**Records for the task:**
>>>>

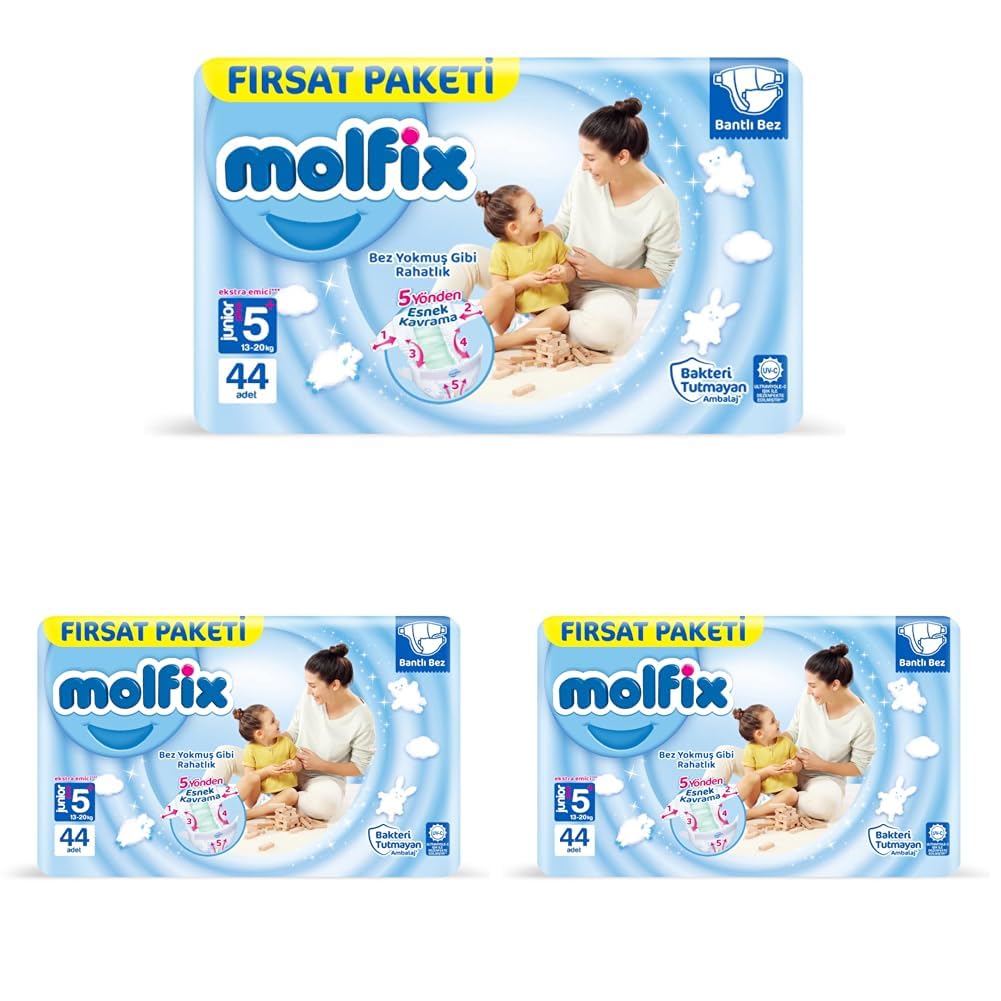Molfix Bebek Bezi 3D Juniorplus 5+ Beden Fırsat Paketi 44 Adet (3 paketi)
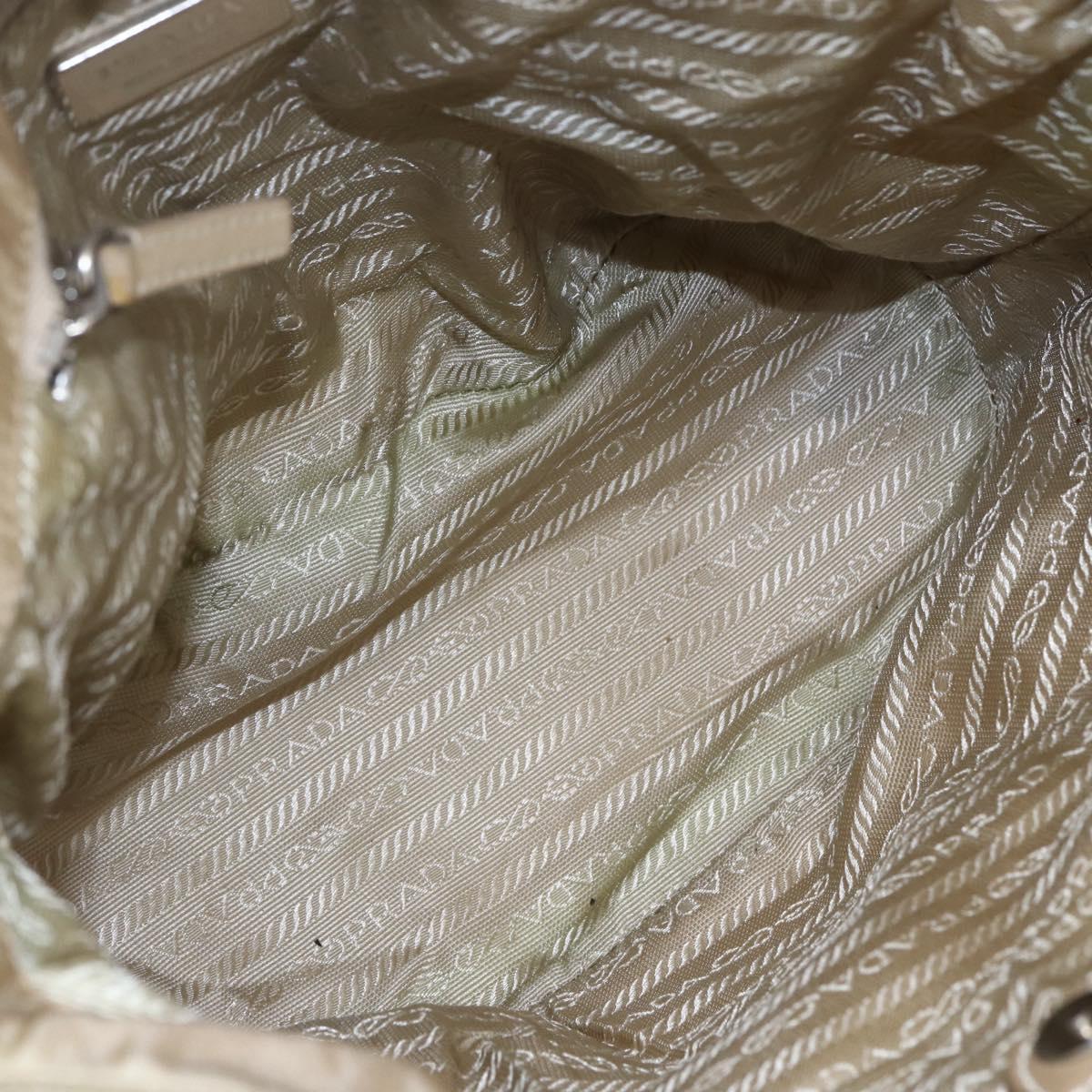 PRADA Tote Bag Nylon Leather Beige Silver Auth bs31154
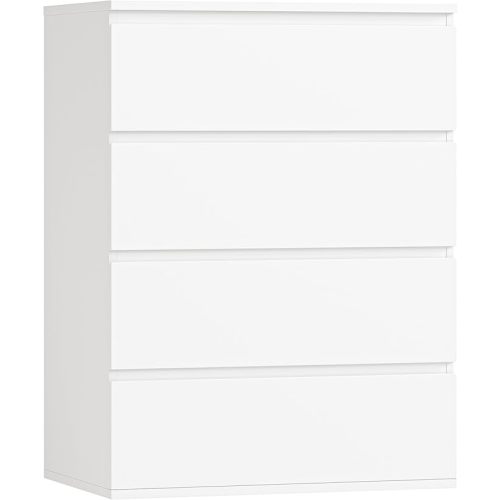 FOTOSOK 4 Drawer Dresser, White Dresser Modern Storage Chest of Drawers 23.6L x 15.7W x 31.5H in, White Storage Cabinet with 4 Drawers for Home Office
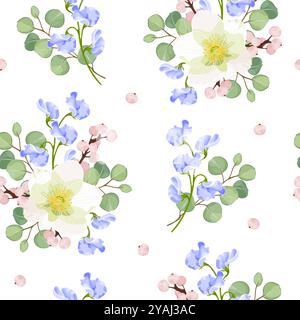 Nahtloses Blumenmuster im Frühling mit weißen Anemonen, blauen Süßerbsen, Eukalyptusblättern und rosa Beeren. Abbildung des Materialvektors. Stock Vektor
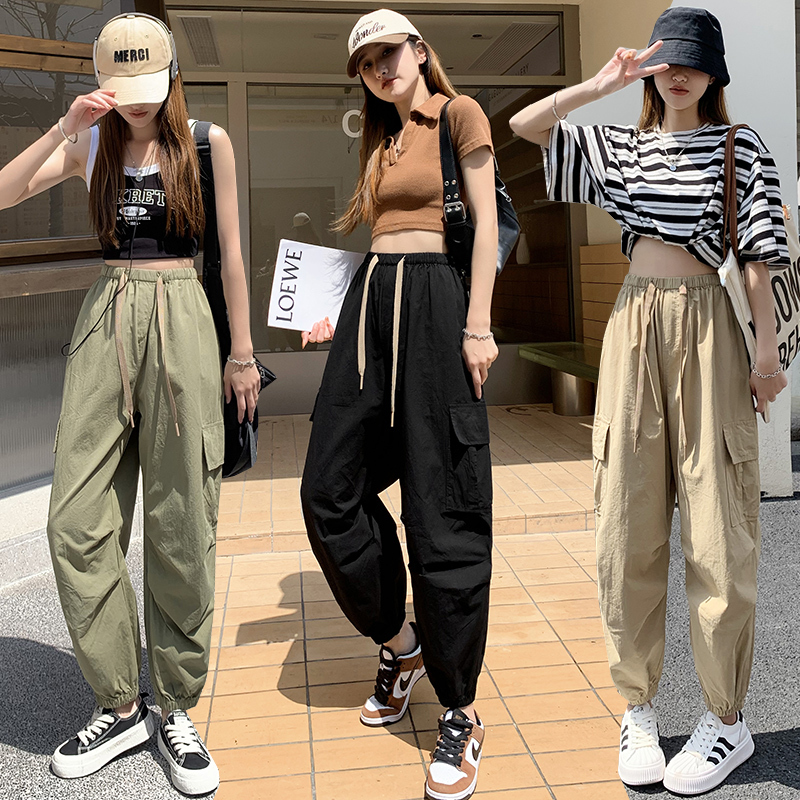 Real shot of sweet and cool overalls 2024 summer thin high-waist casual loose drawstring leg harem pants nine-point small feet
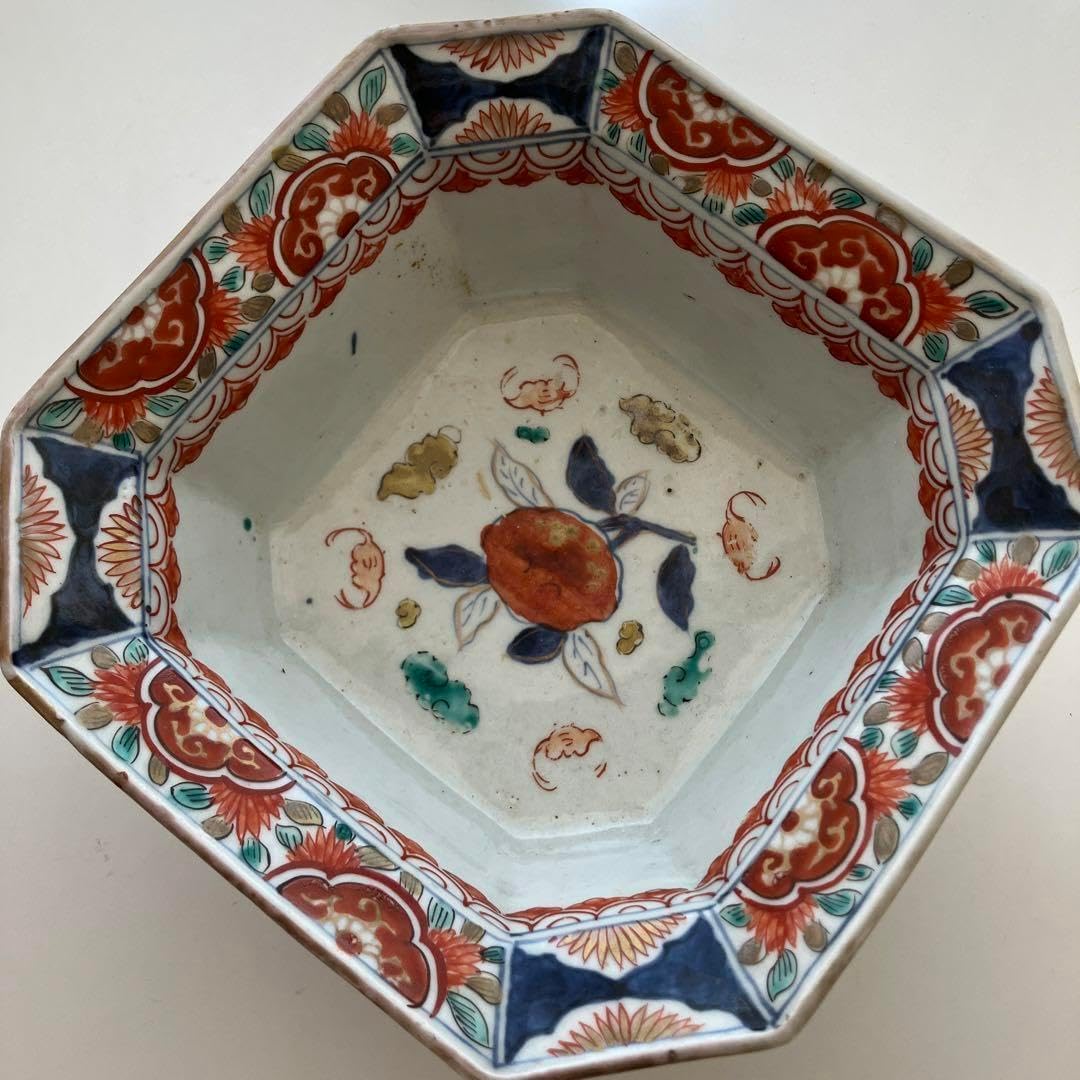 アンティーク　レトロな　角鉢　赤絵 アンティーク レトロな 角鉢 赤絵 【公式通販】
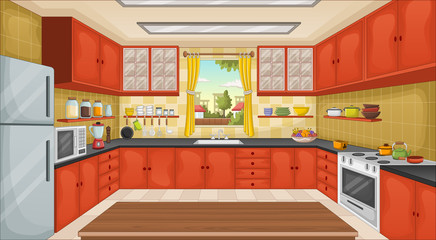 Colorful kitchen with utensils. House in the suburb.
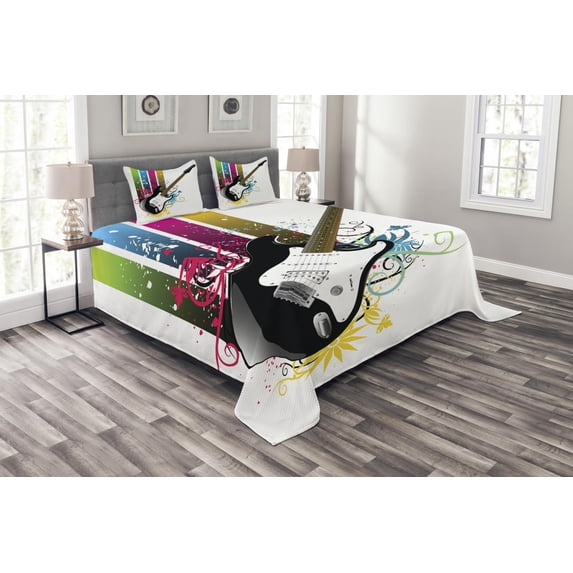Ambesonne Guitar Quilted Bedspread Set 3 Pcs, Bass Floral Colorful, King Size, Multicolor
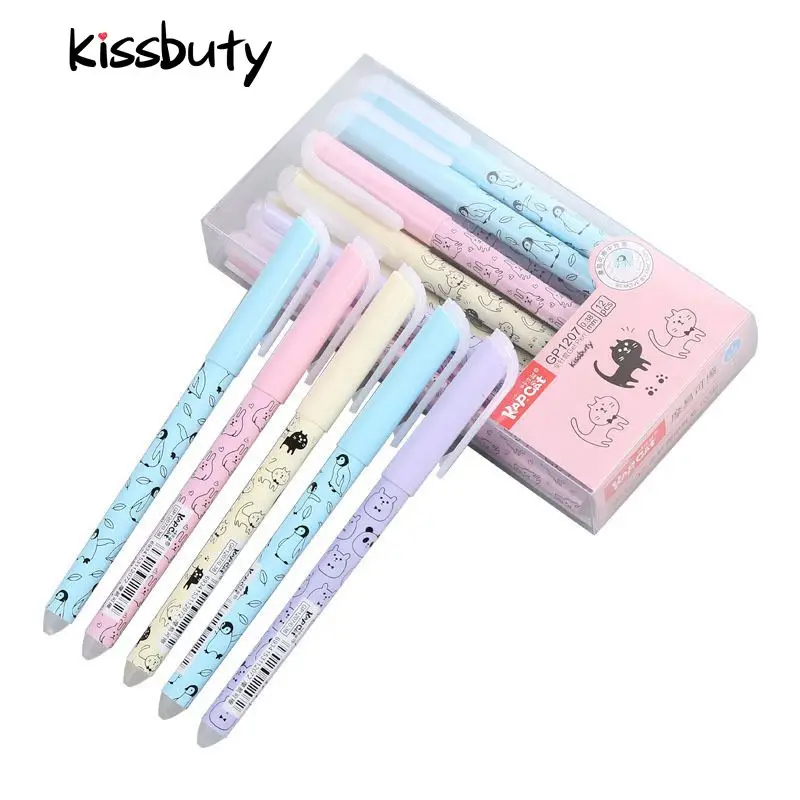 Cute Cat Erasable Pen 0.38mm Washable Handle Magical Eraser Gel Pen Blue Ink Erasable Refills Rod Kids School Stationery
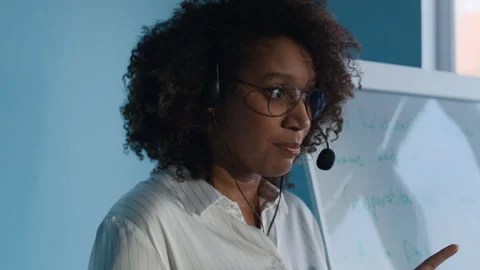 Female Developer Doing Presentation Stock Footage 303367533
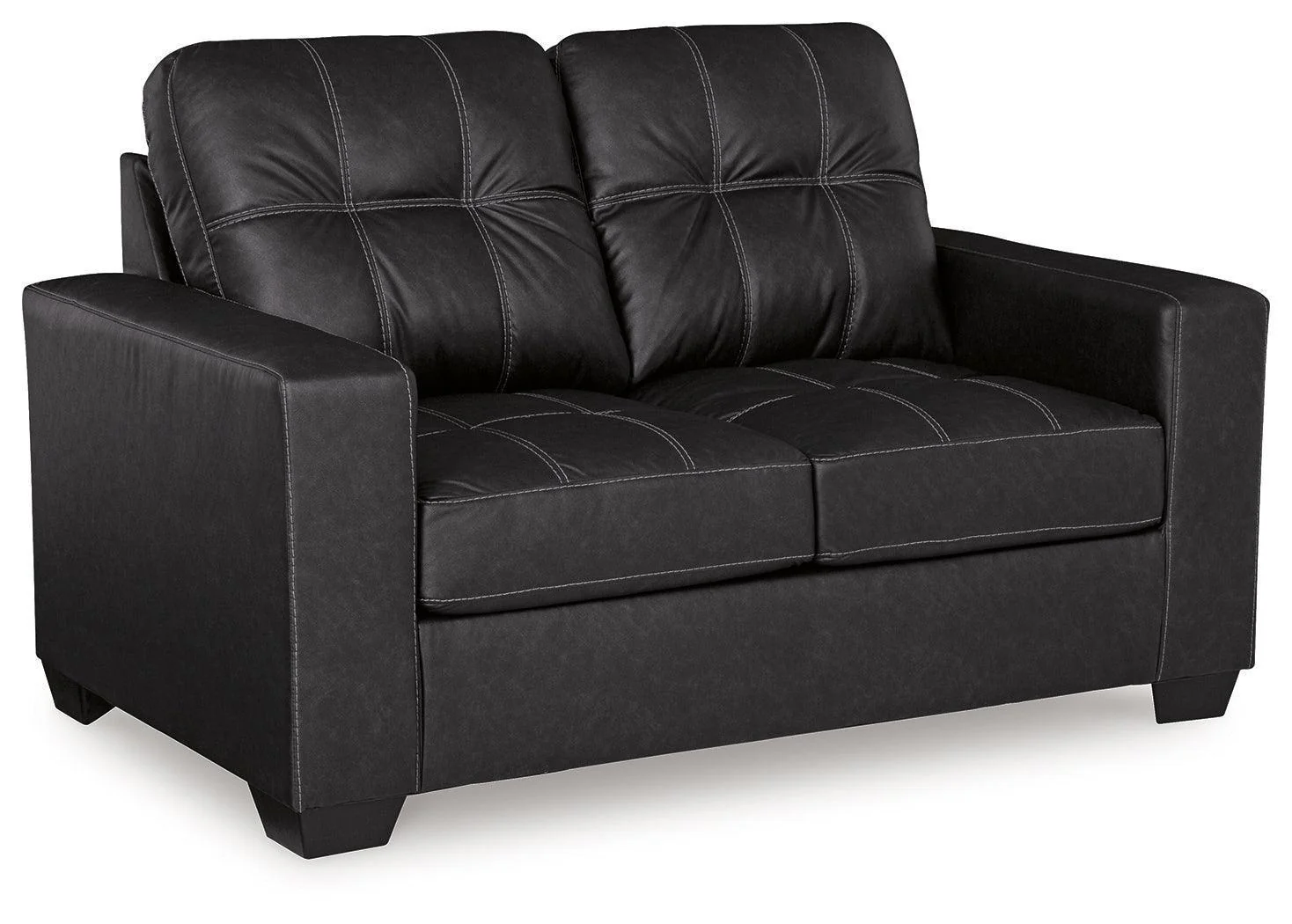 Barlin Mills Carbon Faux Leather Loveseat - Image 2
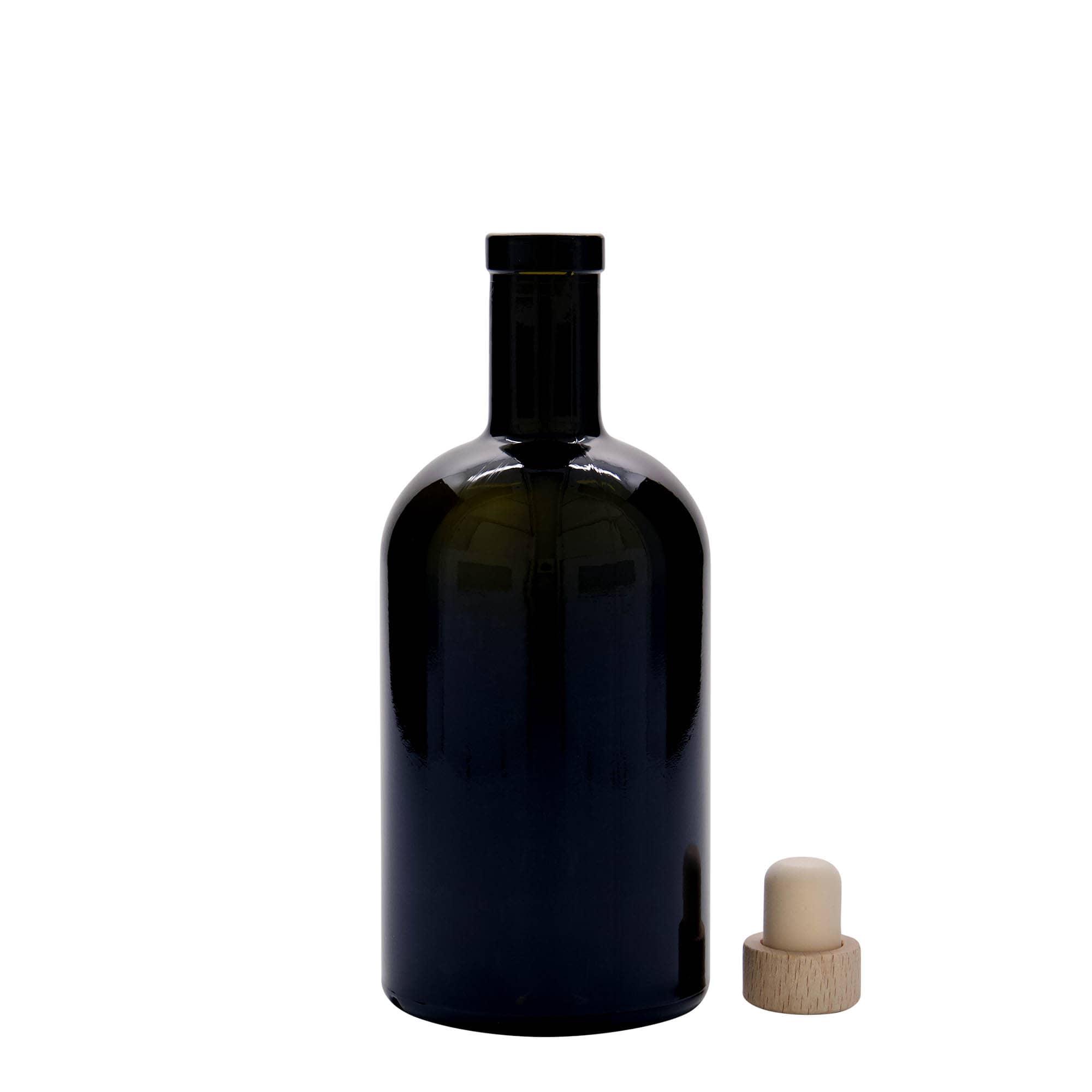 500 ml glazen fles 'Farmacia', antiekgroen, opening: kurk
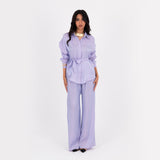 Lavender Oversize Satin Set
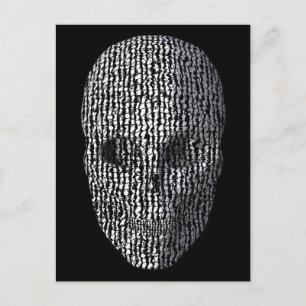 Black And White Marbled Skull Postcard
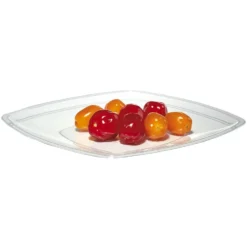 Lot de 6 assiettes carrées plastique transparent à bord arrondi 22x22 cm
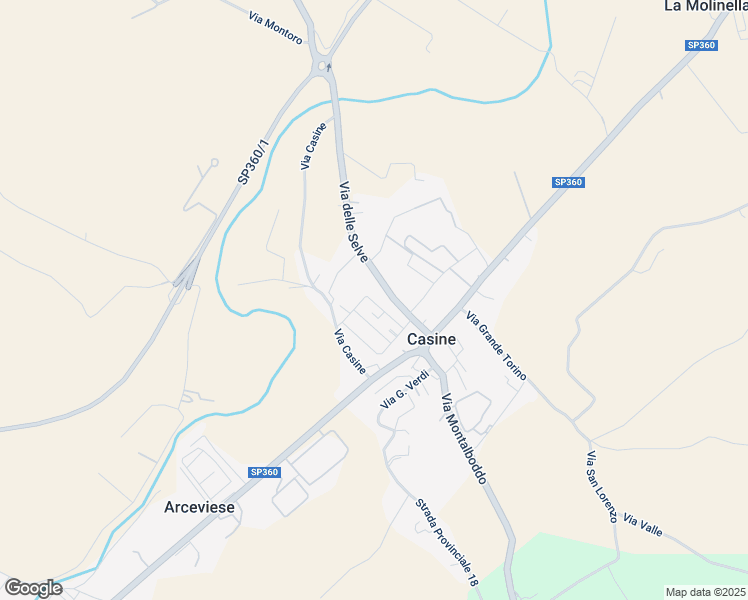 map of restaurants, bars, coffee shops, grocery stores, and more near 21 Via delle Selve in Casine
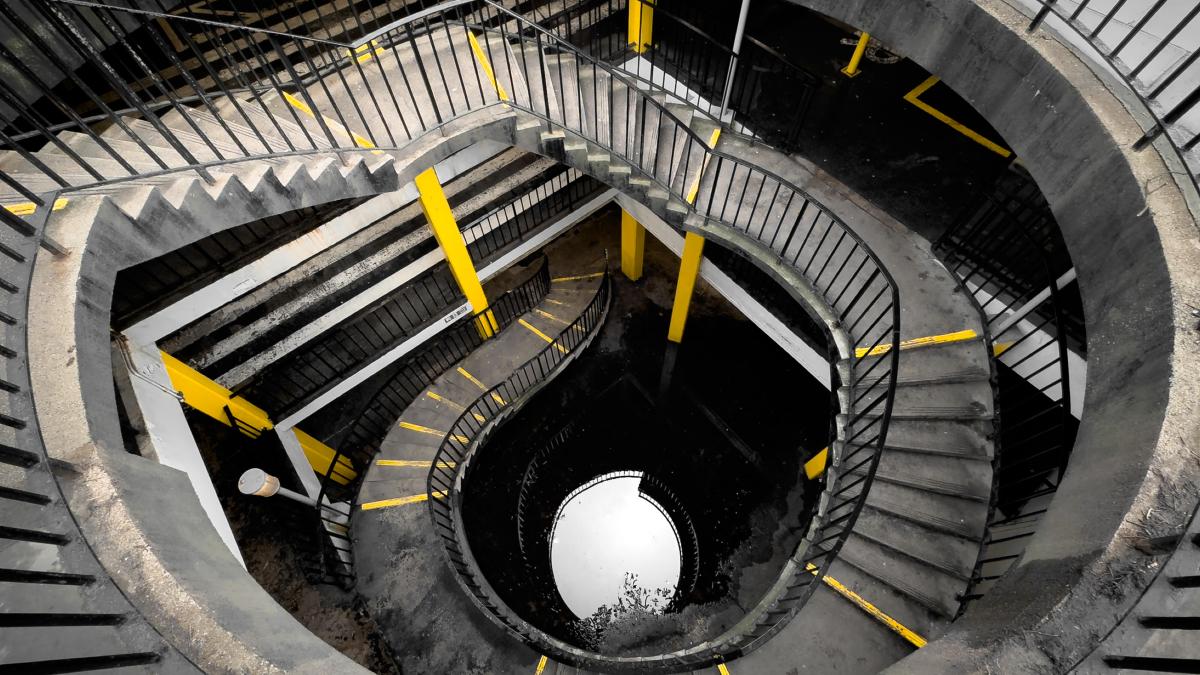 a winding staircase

<<<<

Return the records verbatim, minus pictures.

**Answer section:**
Molfix Bebek Bezi 3D Juniorplus 5+ Beden Fırsat Paketi 44 Adet (3 paketi)
 PRADA Tote Bag Nylon Leather Beige Silver Auth bs31154
 FOTOSOK 4 Drawer Dresser, White Dresser Modern Storage Chest of Drawers 23.6L x 15.7W x 31.5H in, White Storage Cabinet with 4 Drawers for Home Office
 Nahtloses Blumenmuster im Frühling mit weißen Anemonen, blauen Süßerbsen, Eukalyptusblättern und rosa Beeren. Abbildung des Materialvektors. Stock Vektor
 Real shot of sweet and cool overalls 2024 summer thin high-waist casual loose drawstring leg harem pants nine-point small feet
 アンティーク　レトロな　角鉢　赤絵 アンティーク レトロな 角鉢 赤絵 【公式通販】
 Colorful kitchen with utensils. House in the suburb.
Ambesonne Guitar Quilted Bedspread Set 3 Pcs, Bass Floral Colorful, King Size, Multicolor
 Cute Cat Erasable Pen 0.38mm Washable Handle Magical Eraser Gel Pen Blue Ink Erasable Refills Rod Kids School Stationery
 Female Developer Doing Presentation Stock Footage 303367533
 Barlin Mills Carbon Faux Leather Loveseat - Image 2
 500 ml glazen fles 'Farmacia', antiekgroen, opening: kurk
 Lavender Oversize Satin Set
 Black And White Marbled Skull Postcard
 Lot de 6 assiettes carrées plastique transparent à bord arrondi 22x22 cm
 map of restaurants, bars, coffee shops, grocery stores, and more near 21 Via delle Selve in Casine
 a winding staircase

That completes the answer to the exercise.